Description of the task.
Only one stretch of the data below is wanted: the lines starting at the one with "In this video, I" and ending at the one with "So this is how", both included, given again exactly.

Entries supplied.
Segment Open

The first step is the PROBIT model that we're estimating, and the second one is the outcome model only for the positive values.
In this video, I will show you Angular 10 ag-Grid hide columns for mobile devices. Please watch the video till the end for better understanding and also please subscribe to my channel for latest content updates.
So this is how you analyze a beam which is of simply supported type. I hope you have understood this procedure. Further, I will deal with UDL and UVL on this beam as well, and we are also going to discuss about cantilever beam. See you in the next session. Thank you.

Segment Closed
Segment Open

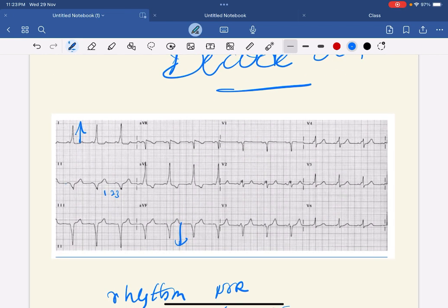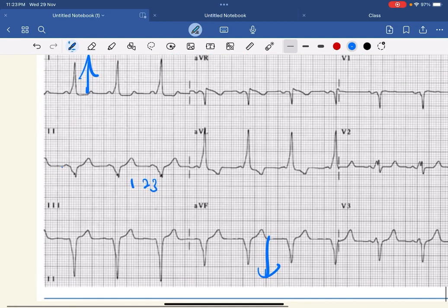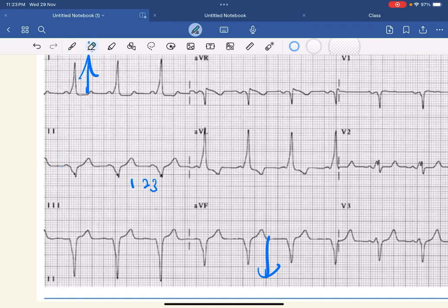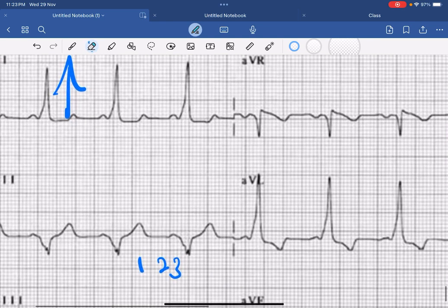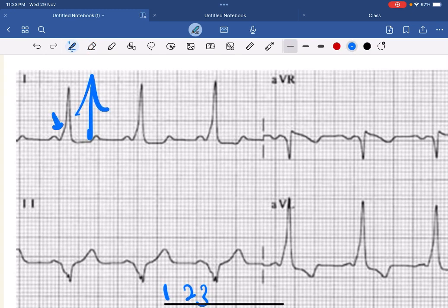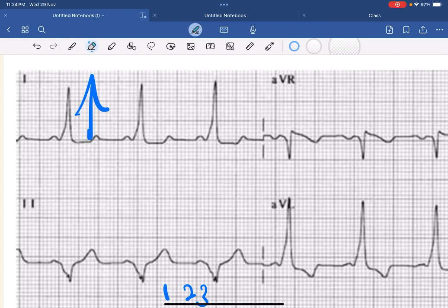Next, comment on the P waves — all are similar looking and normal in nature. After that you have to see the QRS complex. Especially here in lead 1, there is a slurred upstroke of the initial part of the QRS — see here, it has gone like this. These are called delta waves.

Segment Closed
Segment Open

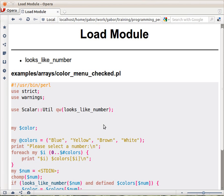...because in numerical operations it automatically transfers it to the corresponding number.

Segment Closed

Result of the task.
In this video, I will show you Angular 10 ag-Grid hide columns for mobile devices. Please watch the video till the end for better understanding and also please subscribe to my channel for latest content updates.
So this is how you analyze a beam which is of simply supported type. I hope you have understood this procedure. Further, I will deal with UDL and UVL on this beam as well, and we are also going to discuss about cantilever beam. See you in the next session. Thank you.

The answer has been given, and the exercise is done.